Neste texto, discutimos, particularmente, os pontos em comum, ocorridos nos dois territórios em questão. Gostaríamos de destacar as dificuldades enfrentadas pelas autoridades locais para a confecção das relações dos habitantes.

O recenseamento em Angola e as “desconfianças” da população local

D. Antonio de Lencastre, governador e capitão-general de Angola entre os anos de 1772-1779, foi quem recebeu a ordem de 1776. Em Julho de 1778, ele escrevia para Martinho de Melo e Castro dando as primeiras notícias do que lhe foi requerido. A frase inicial da correspondência era: “Não me foi possível até hoje poder cumprir a minha obrigação com remessa do Mapa de todos os moradores e habitantes deste Reino conforme a Ordem de Sua Majestade [...]”. Na seqüência, Lencastre apresentou os argumentos que considerou justificar sua atitude. Uma das razões era “longetude dos sertões”, ou seja, a vastidão de terras a serem percorridas por um número pequeno de pessoas habilitadas para a realização da contagem. E o outro motivo apresentado pelo governador é que a Ordem de recenseamento dos habitantes gerou uma “desconfiança” por parte da população local, particularmente os indivíduos africanos.
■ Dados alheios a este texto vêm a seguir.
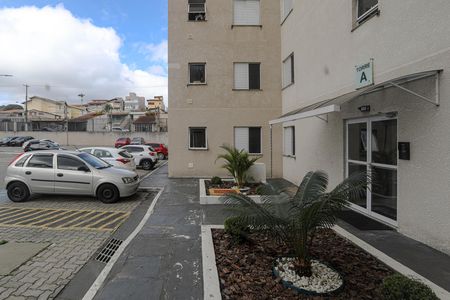 Apartamento para alugar com 48m², 2 quartos e 1 vaga Apartamento para alugar com 48m², 2 quartos e 1 vagaÁrea Comum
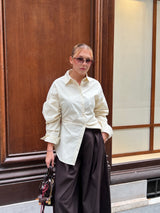 CHEMISE CINTRÉE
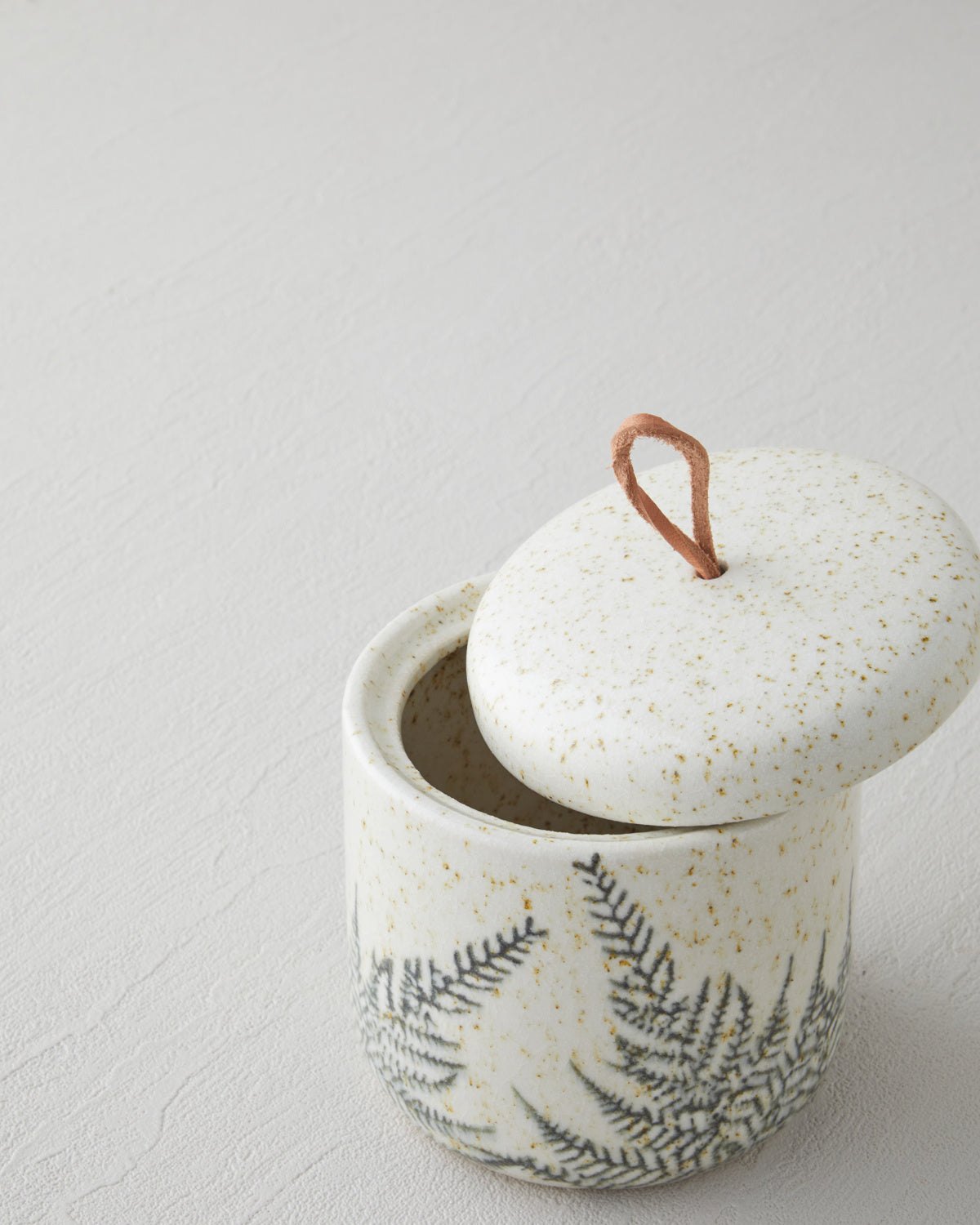 Liora Decorative Box 11 cm Cream (view 3)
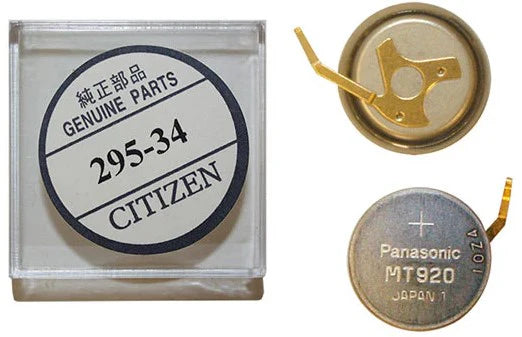 CAPACITOR 295-3400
Lencastre explica que aquela “novidade fez retardar tanto o tempo de execução da dita Ordem” em função de duas situações: a primeira delas, porque não havia entre os “gentios” párocos para verificar os números dos habitantes; e a segunda, que estes acreditavam que motivo do recenseamento era “para lhes tirarem alguns dos mesmos filhos conforme a quantidade deles”. Para acabar com tal “desconfiança”, o governador informou que foi necessário assegurar à população local “de que não era para tal efeito, nem para lhe suceder mal algum”. Assim, aos poucos, os oficiais eram informados dos números dos habitantes. Entretanto, Lencastre adverte na correspondência encaminhada a Martinho de Melo e Castro: “não me faço responsável pela incerteza do número dos Pretos do Sertão, porque pelas razões referidas, não posso justificar-me, nem certificar a sua verdade”.[viii]
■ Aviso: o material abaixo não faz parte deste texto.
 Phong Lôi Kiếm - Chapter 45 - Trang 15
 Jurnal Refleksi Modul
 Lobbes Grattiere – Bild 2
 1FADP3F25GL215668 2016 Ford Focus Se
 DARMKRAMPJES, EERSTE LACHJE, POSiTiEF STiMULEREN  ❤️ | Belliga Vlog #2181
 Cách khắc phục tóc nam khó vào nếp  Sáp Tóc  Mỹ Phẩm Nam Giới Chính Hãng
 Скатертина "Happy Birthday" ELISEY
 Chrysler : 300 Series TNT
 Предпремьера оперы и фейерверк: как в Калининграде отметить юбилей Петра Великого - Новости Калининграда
Um ano depois, em Julho de 1779, o governador de Angola volta a escrever para o Secretário de Estado lembrando-o sobre a fragilidade dos dados enviados para Lisboa e, porque não dizer, antecipando algum tipo de desculpas pelas possíveis falhas na execução da tarefa de contar o número dos habitantes:

[...] Porém devo assegurar a V. Exa, que eu não confirmo a certeza do número de pretos escravos e forros, que vão incluído no dito Mapa, porque os Dembos, Sobas e Potentados Vassalos, ainda vivem na maior desconfiança de que a diligência de se saber o número dos seus filhos é para algum dia lhes tirarem certa quantidade deles, segundo o número que cada um tem; e por esta causa se não resolvem a declarar com verdade o mesmo número dos que vivem nas suas Terras, ao mesmo tempo que eu tenho feito as possíveis diligências pelo sossegar e capacitando-os do verdadeiro sentido desta ordem, [...] pelo que rogo a V. Exa me não faça responsável pela incerteza.[ix]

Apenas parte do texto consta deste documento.